This macaroni is indulgent, impossibly good, and worth the extra time and effort, but if you're rushed for time, try the Quick Skillet Mac and Cheese.

  • One 4-lb. smoked pork shoulder
  • 12 oz. dried ridged pasta, preferably radiatore
  • Kosher salt
  • 4 Tbs. (2 oz. ) unsalted butter
  • 2 small yellow onions, chopped (1-1/2 cups)
  • 1-1/8 oz. (1/4 cup) all-purpose flour
  • 3-1/2 cups whole milk
  • 1-1/2 cups dry white wine
  • 2 Tbs. finely chopped fresh sage leaves
  • Freshly ground black pepper
  • 4 oz. grated Gruyère (1-1/2 cups)
  • 4 oz. grated Emmentaler (11/2 cups)
  • 4 oz. grated fontina (1-1/2 cups)
  • 2/3 cup panko
  • 2 oz. finely grated Parmigiano-Reggiano (2 cups)
  • 2 Tbs. extra-virgin olive oil
  • 2 Tbs. thinly sliced fresh chives

Position a rack in the center of the oven and heat the oven to 325°F.

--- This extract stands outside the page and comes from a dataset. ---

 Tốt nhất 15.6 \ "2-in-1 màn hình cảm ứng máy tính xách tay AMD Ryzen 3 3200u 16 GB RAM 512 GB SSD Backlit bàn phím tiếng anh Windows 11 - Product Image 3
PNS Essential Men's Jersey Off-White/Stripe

Put the pork in a large heavy-duty roasting pan, cover with foil, and roast until the meat is falling off the bone, 5 to 6 hours. Cool until warm enough to handle, about 1 hour.

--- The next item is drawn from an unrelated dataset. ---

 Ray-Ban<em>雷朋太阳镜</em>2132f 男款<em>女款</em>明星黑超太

Meanwhile, cook the pasta in a large pot of well-salted water according to package directions until just barely al dente. Drain and set aside.

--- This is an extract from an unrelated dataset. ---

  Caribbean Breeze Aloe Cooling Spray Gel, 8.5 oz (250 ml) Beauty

Shred the pork by hand, pulling it into 2-inch-long pieces. Discard the bone and any excess fat. Set aside 1 lb. of the pulled pork (about 4 cups) and save the rest for another use (see "Leftovers," below, for ideas).

Raise the oven temperature to 350°F. Melt the butter in a large 8-quart saucepan over medium heat. Add the onions, reduce the heat to low, and cook, stirring frequently, until golden and very soft, about 20 minutes.

Whisk in the flour and cook for 30 seconds. Whisk in the milk in a slow, steady stream. Raise the heat to medium high and whisk constantly until the mixture begins to thicken and bubble, 3 to 5 minutes.

Whisk in the white wine, sage, and a 1/2 tsp. each salt and pepper. Bring the mixture to a low simmer, whisking constantly.

Reduce the heat to low and use a wooden spoon to stir in the Gruyère, Emmentaler, and fontina. Stir in the reserved pork and pasta until well coated. Pour the mixture into a 12-inch cast-iron skillet.

In a small bowl, mix the panko, Parmigiano, and olive oil. Sprinkle evenly over the mixture in the skillet.

Bake until the topping is browned and the cheese sauce is bubbling through the topping and around the edges of the skillet, 40 to 45 minutes. (If the topping begins to brown too deeply, tent loosely with foil.) Let the macaroni and cheese rest for at least 15 minutes. Sprinkle with the chives and serve.

Leftovers

Use the leftover pork shoulder in Pork and Potato Hash with Poached Eggs and Avocado; Pork Ragout and Soft Polenta; or Pulled-Pork Sandwiches with Cabbage, Capers, and Herb Slaw.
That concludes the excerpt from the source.